The mobile application is set to go live in the second to third quarter of this year. PayPal is also looking to set up a customer services base to cater to Arabic users in the Middle East.

“In the region it is more about changing habits and letting people know they have more options,” said Laurent Wakim, the regional manager of Mena at PayPal. “Today in the region the online business is still very small, [but] payments are growing and e-commerce is booming. We are starting with the mobile application – that’s where we see most of the opportunity coming from.”

The region’s e-commerce market is expected to grow to US$15 billion by next year, of that $4.9bn will come from mobile-commerce. The high smartphone penetration in the GCC, particularly in the UAE, will drive mobile-commerce and is the reason PayPal has decided to launch an Arabic mobile app ahead of an Arabic version of its website.

“We are trying to make PayPal local for our customers we will also be announcing more partnerships with banks to bring more features for buyers and merchants and to bring more flexibility to online shopping,” said Mr Wakim.

The combined Mena region joins Russia, India, China and Brazil as the biggest emerging markets for e-commerce growth. Yet despite the opportunities in the Middle East, the market is still small when compared with the others.

One reason for this is the low percentage of businesses that have a presence online. Just 15 per cent of businesses across the region have a website and not all of them have electronic payment gateways.

“We are seeing a lot of initiatives in the Mena region to get businesses active online and that goes for the big corporations and lots of focus for SMEs,” said Abdul Malek Jaber, the chief executive of Middle East Payment Services. “I think the growth will be exponential.”

With the likes of souq.com, Emirates Airline and Etihad Airways now offering payment through PayPal, more businesses are likely to sign up.

A reliance on cash-on-delivery is also one of the biggest obstacles to the growth of the sector, said Mr Wakim, and something that online retailers have complained about. The online electronics retailer JadoPado stopped cash on delivery options in January this year and its founder Omar Kassim said that business has been booming despite this.

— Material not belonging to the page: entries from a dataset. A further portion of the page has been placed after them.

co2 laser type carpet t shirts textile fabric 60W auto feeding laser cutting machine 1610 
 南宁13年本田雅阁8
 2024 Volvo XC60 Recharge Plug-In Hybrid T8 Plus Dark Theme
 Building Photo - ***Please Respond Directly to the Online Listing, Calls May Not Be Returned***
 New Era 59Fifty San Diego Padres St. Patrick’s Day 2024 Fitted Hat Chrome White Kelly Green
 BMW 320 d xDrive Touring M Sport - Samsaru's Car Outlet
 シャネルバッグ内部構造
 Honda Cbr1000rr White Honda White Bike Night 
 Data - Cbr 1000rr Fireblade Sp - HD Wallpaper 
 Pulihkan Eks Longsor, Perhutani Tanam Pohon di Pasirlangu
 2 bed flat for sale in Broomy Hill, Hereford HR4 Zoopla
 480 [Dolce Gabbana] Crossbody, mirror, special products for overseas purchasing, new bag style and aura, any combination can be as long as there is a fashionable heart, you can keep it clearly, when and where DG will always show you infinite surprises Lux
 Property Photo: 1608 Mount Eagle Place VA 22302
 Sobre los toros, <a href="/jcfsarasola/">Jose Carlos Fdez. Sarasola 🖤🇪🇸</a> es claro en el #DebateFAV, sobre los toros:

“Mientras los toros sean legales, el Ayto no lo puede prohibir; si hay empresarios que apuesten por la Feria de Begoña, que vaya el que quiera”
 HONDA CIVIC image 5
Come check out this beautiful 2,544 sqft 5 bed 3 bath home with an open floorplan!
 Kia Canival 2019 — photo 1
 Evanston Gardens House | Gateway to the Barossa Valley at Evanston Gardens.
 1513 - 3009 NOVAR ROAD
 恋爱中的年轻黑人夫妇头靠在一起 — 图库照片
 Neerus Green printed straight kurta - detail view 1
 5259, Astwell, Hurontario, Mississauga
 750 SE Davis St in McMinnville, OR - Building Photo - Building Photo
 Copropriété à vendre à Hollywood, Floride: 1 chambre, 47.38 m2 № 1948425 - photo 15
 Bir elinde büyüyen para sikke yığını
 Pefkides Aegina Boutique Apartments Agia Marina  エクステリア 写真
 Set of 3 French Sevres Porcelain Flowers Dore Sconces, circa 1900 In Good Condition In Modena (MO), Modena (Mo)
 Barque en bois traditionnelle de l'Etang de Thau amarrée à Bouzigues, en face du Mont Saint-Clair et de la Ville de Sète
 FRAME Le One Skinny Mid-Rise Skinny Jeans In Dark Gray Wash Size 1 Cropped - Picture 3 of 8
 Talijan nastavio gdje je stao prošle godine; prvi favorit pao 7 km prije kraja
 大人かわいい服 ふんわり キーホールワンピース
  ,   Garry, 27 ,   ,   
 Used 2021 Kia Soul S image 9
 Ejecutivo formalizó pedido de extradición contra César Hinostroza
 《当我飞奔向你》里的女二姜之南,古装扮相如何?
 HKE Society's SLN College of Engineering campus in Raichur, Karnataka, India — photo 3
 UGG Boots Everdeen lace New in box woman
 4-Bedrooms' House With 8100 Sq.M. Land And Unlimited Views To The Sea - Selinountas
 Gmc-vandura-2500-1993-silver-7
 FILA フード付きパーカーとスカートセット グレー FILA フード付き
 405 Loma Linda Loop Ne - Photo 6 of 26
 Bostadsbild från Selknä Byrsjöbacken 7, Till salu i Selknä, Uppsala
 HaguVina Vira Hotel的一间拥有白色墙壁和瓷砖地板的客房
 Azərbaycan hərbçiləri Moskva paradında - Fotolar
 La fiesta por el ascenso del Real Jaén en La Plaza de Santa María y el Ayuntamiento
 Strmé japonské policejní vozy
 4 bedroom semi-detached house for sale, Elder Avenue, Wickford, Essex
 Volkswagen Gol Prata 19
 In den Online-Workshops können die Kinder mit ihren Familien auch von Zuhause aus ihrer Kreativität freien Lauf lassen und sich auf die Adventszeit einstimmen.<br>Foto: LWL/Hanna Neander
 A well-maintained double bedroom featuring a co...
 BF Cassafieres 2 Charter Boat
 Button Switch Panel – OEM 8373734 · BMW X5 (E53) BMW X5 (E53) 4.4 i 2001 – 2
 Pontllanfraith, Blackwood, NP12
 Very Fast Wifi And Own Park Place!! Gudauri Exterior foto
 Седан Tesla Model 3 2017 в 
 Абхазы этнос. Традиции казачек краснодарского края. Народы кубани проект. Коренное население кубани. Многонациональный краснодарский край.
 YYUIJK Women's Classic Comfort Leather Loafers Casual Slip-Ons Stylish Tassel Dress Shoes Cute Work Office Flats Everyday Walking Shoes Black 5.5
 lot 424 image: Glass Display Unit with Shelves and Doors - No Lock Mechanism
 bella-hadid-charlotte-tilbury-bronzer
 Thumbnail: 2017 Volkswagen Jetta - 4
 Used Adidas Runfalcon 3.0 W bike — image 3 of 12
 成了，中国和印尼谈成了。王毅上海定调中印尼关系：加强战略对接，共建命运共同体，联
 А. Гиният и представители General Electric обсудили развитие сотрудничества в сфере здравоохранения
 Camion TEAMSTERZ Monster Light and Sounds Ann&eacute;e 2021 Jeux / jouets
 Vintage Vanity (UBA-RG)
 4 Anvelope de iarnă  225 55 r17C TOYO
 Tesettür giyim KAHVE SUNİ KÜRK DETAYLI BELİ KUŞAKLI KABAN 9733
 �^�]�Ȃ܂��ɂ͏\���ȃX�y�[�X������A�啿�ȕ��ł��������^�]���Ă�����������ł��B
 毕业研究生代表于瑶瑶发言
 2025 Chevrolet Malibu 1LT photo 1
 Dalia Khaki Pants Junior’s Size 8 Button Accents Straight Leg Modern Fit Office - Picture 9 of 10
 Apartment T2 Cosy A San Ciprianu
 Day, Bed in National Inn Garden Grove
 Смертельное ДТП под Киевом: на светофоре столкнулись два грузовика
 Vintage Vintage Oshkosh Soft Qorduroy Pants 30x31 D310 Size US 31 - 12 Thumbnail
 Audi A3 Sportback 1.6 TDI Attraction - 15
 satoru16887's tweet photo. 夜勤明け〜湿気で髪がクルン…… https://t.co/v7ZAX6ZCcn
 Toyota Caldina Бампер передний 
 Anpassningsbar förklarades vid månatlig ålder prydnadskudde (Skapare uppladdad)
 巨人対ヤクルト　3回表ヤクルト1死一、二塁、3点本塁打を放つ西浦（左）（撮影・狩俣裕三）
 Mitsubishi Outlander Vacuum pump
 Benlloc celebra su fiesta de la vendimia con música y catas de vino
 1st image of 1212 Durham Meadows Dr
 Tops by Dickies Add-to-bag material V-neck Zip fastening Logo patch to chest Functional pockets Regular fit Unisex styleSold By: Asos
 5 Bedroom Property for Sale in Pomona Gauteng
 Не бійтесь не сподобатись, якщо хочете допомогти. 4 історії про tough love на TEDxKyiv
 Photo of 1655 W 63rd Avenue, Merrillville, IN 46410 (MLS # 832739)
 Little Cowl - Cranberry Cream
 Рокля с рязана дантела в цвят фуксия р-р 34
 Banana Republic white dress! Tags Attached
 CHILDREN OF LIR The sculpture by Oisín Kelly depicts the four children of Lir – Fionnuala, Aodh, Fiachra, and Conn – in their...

PayPal is set to face some stiff competition from MasterCard once the credit card firm launches MasterPass in the region over the next few weeks. MasterPass logs the user’s credit card details and allows them to purchase goods on their mobile phones simply by logging in with their user name and password.

“The payment business is very dynamic around the world. The credit card schemes are now looking at online payments and digital wallets in a different way,” said Mr Wakim. “Competition is good, there won’t be one winner who will take it all.”